Washington Post media columnist Margaret Sullivan’s book about what happens to local democracy when local newsrooms shrivel couldn’t be publishing at a better time.
“Ghosting the News: Local Journalism and the Crisis of American Democracy” is slated for release July 28 by Columbia Global Reports, an imprint of Columbia University Press. That’s just about the time analysts expect local news outlets to be staggering under the economic effects of the coronavirus outbreak.
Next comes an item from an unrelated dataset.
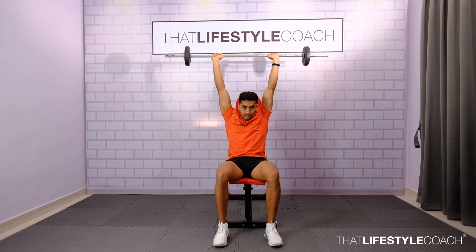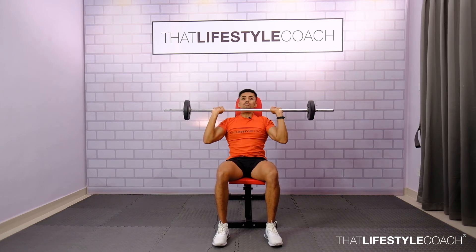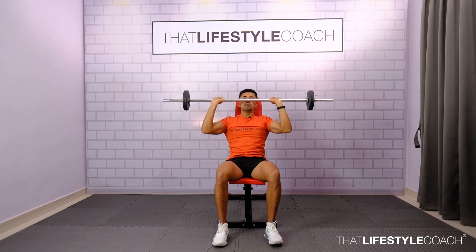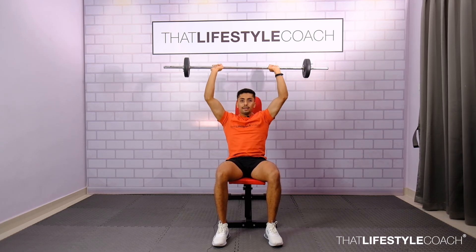Breathe in, press, and exhale. Make sure to lock the elbow slowly at the end of motion — no jerking. If you jerk the elbow, you're going to end up building unnecessary stress at the joint. And back down.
Galleys aren’t available yet, but Sullivan squeezed an email interview in between writing her column and revising the manuscript.
The book draws on her deep experience in local news, she says, and what I’ll call a unique vantage point from the two top media reporting jobs in America.
The case studies that underpin her conclusions — a decade of scholarship about mergers, bankruptcies and the effect of those losses — are shoptalk among journalists and are what stimulated The Seattle Times’ launch of the “Save the Free Press” initiative.
But journalism’s insiders aren’t her target audience. What she hopes to contribute is a turnaround in the general public’s understanding of the severity of the problem.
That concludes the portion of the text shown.